In a recent study published in the online journal Scientific Reports, Jun Takagi and colleagues at Waseda University reported the first molecular-level demonstration of how Xkid directs chromosomes toward the centre of the spindle apparatus. The study showed that Xkid molecules travelled along spindle microtubules, while the distribution of spindle microtubule polarity was optimal for Xkid-facilitated chromosome transport. This study provides invaluable knowledge in exploring the mechanisms of materials transport in biological systems.
While a human body is composed of many different parts such as muscles, internal organs, and a brain, its origin is only a single cell, a fertilized egg, which keeps dividing to form the human being. At every step of the cell division, chromosomes must be precisely segregated without any kind of misplacement between two daughter cells. Chromosomes are the source of all genetic information, and incorrect chromosome segregation can cause various forms of medical disorders including severe illnesses and malignant transformation of tumors.
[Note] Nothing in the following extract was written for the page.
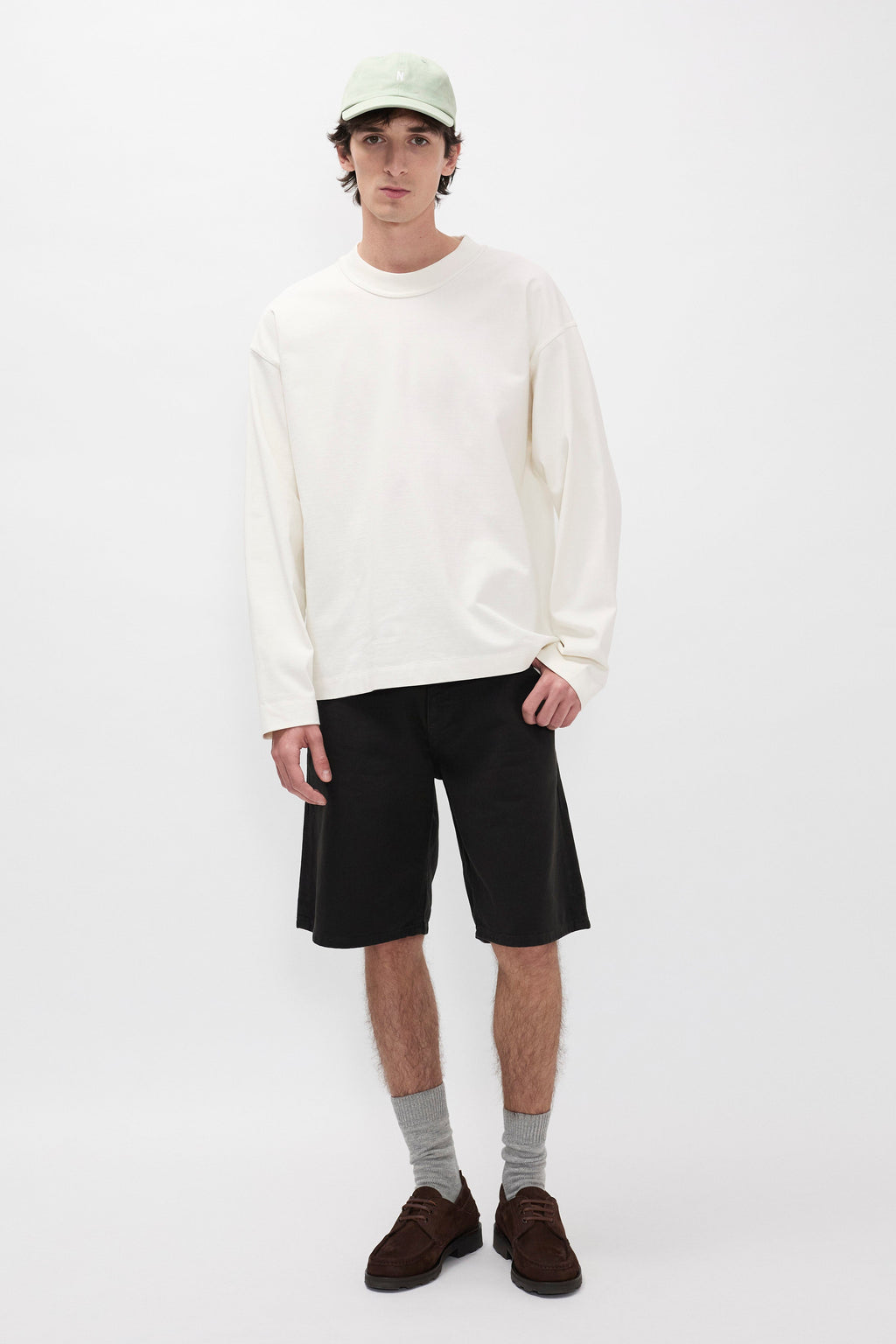 T-shirt compact coton manches longues - Un t-shirt à manches longues à la coupe décontractée, fabriqué à partir d'un jersey de coton épais compact biologique - Un t-shirt à manches longues à la coupe décontractée...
The Xkid molecular motor is known to play a critical role in facilitating the proper alignment of chromosomes during cell division. Previously, its motor functions have been investigated in vitro using purified Xkid molecules obtained from cell extracts, showing their plus end-directed movement as ensembles of molecules along the microtubules. How such molecular motors behave within intact spindles, however, remained to be characterized. In a cell, Xkid molecules are located within the spindle apparatus, a structure required for cell division. The spindle apparatus is an orderly structure composed of a bundle of numerous microtubules. Elucidating Xkid movements in natural spindles is the key to understanding the mechanisms of chromosome segregation during cell division.
Accordingly, the present study set out to examine the movements of Xkid within an intact spindle.
Techniques developed during the study
Spindles vary in size depending on the cell type. Those used in our study were self-organized spindles in Xenopus egg extracts, and they were relatively large, at 30 to 50 µm in length. This means that it is optically difficult to detect movements of fluorescence-labeled single molecular or ensembles of Xkid within a spindle under microscope. To overcome this, we used strongly fluorescent nanoparticles called quantum dots. By binding quantum dots to Xkid, we were able to determine the tracks of Xkid movements within such large spindles using fluorescence microscopy. Xkid molecules bound to quantum dots were located on chromosomes (DNA) as well as on microtubules (left; indicated by yellow arrows). Xkid present on microtubules traveled along the spindle pole-to-pole axis at 120 to 140 nm/sec (right). The scale bars for the horizontal and vertical axes indicate 10 µm and 100 sec, respectively.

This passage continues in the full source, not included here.